As leis da cidade | Espaço dedicado a textos sobre legislação
Tiago Azevedo Ramalho
[Primeiro texto: aqui.]
– 5. Cont. – Em apreciação estava, neste acórdão do Tribunal Constitucional Federal alemão, o regime que se pretendera instituir com a lei – …atente-se bem na primeira parte da sua designação!… – «de protecção da vida pré-natal e em gestação, de promoção de uma sociedade mais amiga das crianças, de ajuda para conflitos na gravidez e de regulação da interrupção da gravidez», datada de 27 de Julho de 1992. Entre outros propósitos, por ela se pretendera introduzir, com relativa latitude, a possibilidade de provocação intencional do aborto nas primeiras semanas de gestação mediante os seguintes pressupostos: (i) pedido da grávida; (ii) ter obtido aconselhamento a respeito do conflito em que se encontrasse, com o intuito de propiciar uma decisão tomada de modo autónomo e esclarecido, a dever ter lugar com a antecedência mínima de três dias em relação à data de provocação intencional do aborto; (iii) não se haver ultrapassado as doze semanas de gestação.
Não fora esta, na verdade, a primeira tentativa de despenalizar amplamente o aborto no espaço alemão.

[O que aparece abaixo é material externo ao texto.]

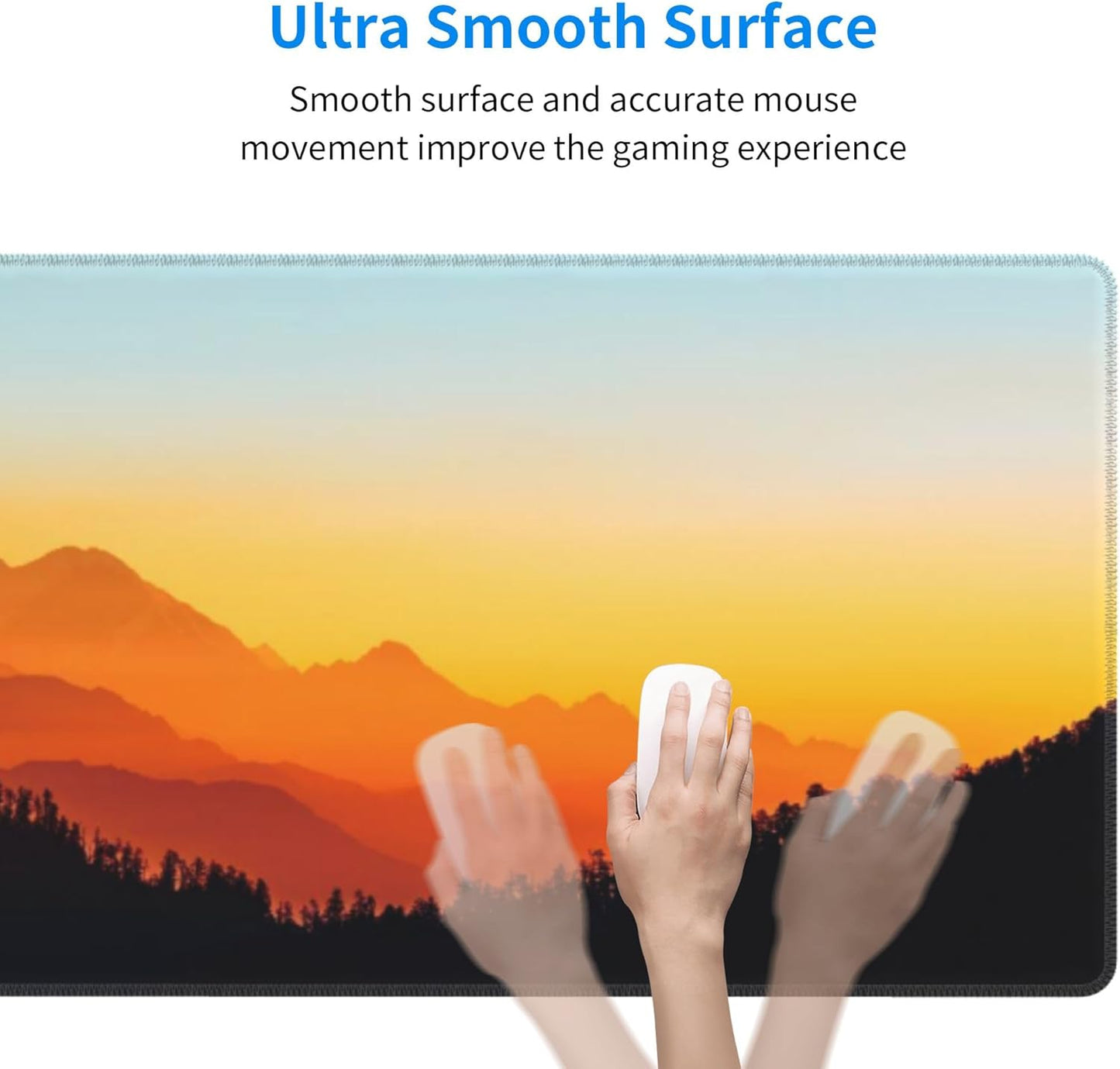 Sunset Mountain View Large Mouse Pad, Gaming Desk Mat, XL Keyboard Desk Pad Mat for Desktop, 31.5"x11.8" Non-Slip Base Big Mousepad with Stitched Edges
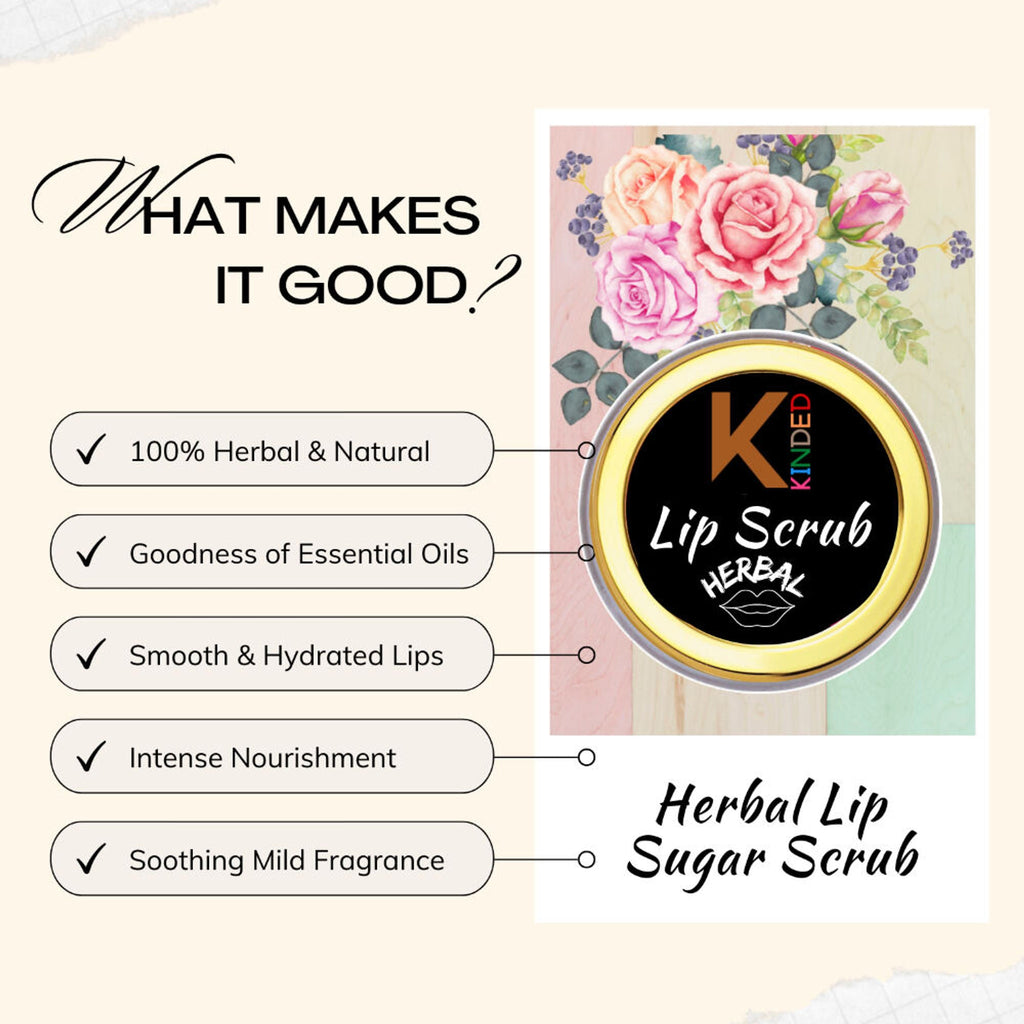 KINDED Lip Sugar Scrub Herbal Exfoliator - Strawberry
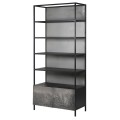 Industriálny regál Periclea čiernej farby z kovu s poličkami a dvierkami s patinou
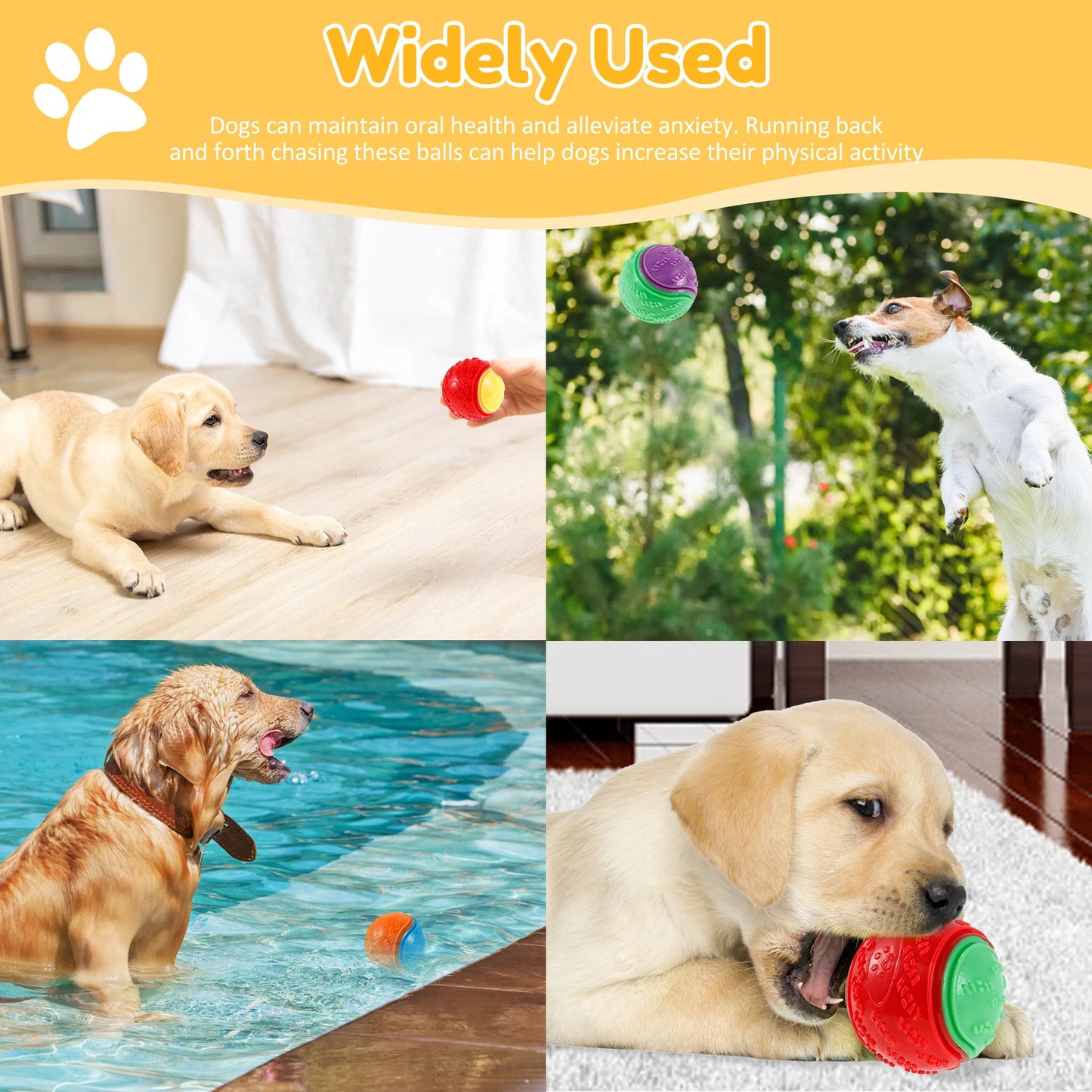 6Pcs Squeaky Balls Toys Dogs Interactive Toys TPR Dog Chew Toy for Dog Pet Teeth Cleaning Bite Resistance Pet Supplies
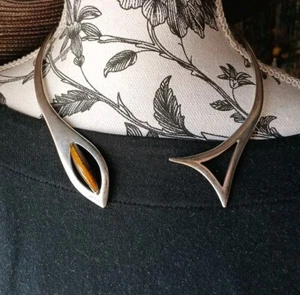 Modernist MCM Taxco Necklace Statement Heavy Sterling 79g Tigers Eye Fish Signed - Picture 1 of 22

Já em 1974 – um ano depois do Roe vs. Wade, pouco antes, também, dos diplomas francês e italiano a que já se fez referência (n.º 4) – fora ela tentada, mas sem sucesso, em virtude do então Acórdão do Tribunal Constitucional Federal de 25 de Fevereiro de 1975. Mas entretanto haviam decorrido já quase duas décadas, além de que se dera, neste ínterim, a reunificação das duas Alemanhas: ora, entre os pontos em que se determinara, no Tratado de Unificação, dever adoptar-se uma regulação jurídica unitária, estava justamente o regime jurídico de resposta ao problema do aborto, que, na República Democrática Alemã, era objecto de uma regulação de cariz mais permissivo (datada de 1972, e permitindo o aborto nas primeiras doze semanas). Tal o pano de fundo em que surgiu a Lei de 27 de Julho de 1992.
Nos três seguintes pilares assentou a posição do Tribunal:
a) Em que deve evidentemente ser dada prevalência à protecção do nascituro: a ordem constitucional não coloca em planos equivalentes a vida do nascituro e a liberdade da mãe. Por conseguinte, o primeiro olhar sobre o fenómeno do aborto provocado deve ser de censura;
b) De onde resulta que a provocação intencional do aborto se deve ter por ilícita;
c) Estando apenas em aberto qual o modo mais adequado para reagir à referida licitude, admitindo que ela não tenha sempre de passar por uma resposta penal (pela tipificação do crime de aborto).
Diante de um qualquer texto normativo que pretenda regular a matéria do aborto, importaria assim apurar se o regime adoptado (c)) manifesta de modo suficiente a ilicitude do acto (b)) e responde às exigências de protecção prevalente da vida do nascituro (a)).
No caso, embora o Tribunal tenha admitido que a resposta ao problema do aborto não tivesse de passar necessariamente pela aplicação da lei penal, entendeu que o regime concretamente resultante da Lei de 27 de Julho de 1992 não acautelava suficientemente as exigências de protecção da vida do nascituro (declarando-o por isso nulo). Antes exigiu que a eventual provocação não punível do aborto houvesse de ser precedida de um aconselhamento nos termos equivalentes aos hoje resultantes do § 219 (1) do Código Penal alemão:
«O aconselhamento tem por finalidade a protecção do nascituro. Deve guiar-se pela preocupação de encorajar a mulher grávida a continuar a gravidez e de lhe abrir perspectivas de uma vida com a criança; deve ajudá-la a tomar uma decisão responsável e conscienciosa. Neste âmbito, tem a mulher grávida de tomar consciência de que o nascituro tem, em qualquer estádio da gravidez, também um direito à vida próprio, e que, por isso, de acordo com a ordem jurídica, apenas se pode considerar uma interrupção da gravidez em circunstâncias excepcionais, quando para a mulher grávida se torne tão pesado manter a gravidez, tão difícil e tão extraordinário, que ultrapasse o limitar suportável de sacrifício. O aconselhamento deve, mediante conselho e auxílio, contribuir para vencer a situação de conflito conexa com a gravidez e para superar da situação de necessidade. (…)».
É este regime que hoje mesmo, em 2024, continua a vigorar na Alemanha.